** Opening Data block block **
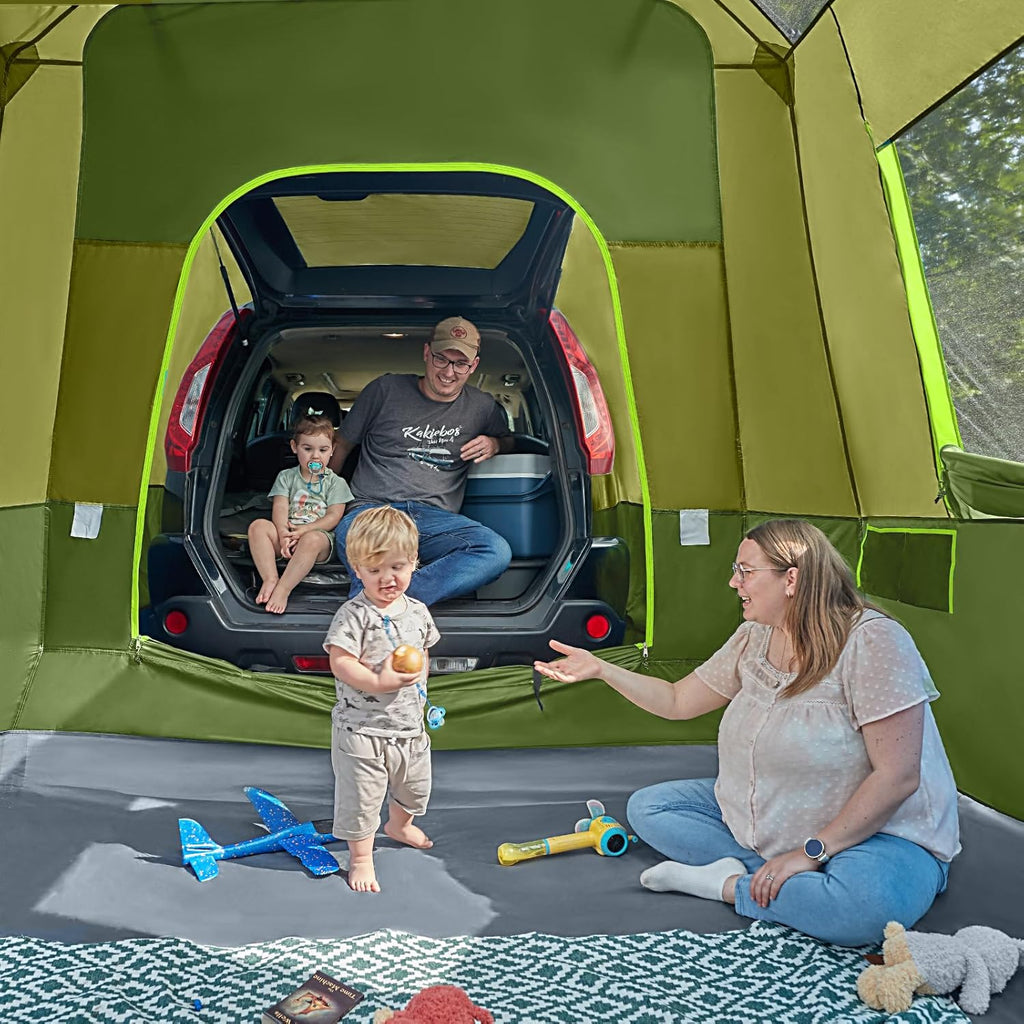 TIMBER RIDGE 5-9 Person SUV Tent with Screen Porch and Awning for Family Camping, Weather Resistant and Portable Van or Car Tent, Includes Rainfly and Storage Bag, 13' W X 10' L X 7.1' H wourant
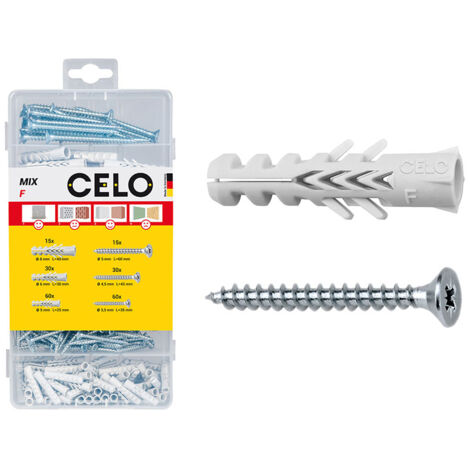 Kit Chevilles Nylon F Celo Fixation Polyvalente Mur Plein Et Creux - Celo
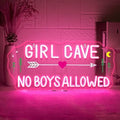 Women Lounge Neon Sign Girl Cave No Boys Allowed Pink Neon Signs by FAXFSIGN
** Closing Data block block **
**About this task:** Leave out the pictures and give the rest of the material again, unaltered.

**Task output:**
 TIMBER RIDGE 5-9 Person SUV Tent with Screen Porch and Awning for Family Camping, Weather Resistant and Portable Van or Car Tent, Includes Rainfly and Storage Bag, 13' W X 10' L X 7.1' H wourant
 Kit Chevilles Nylon F Celo Fixation Polyvalente Mur Plein Et Creux - Celo
 Women Lounge Neon Sign Girl Cave No Boys Allowed Pink Neon Signs by FAXFSIGN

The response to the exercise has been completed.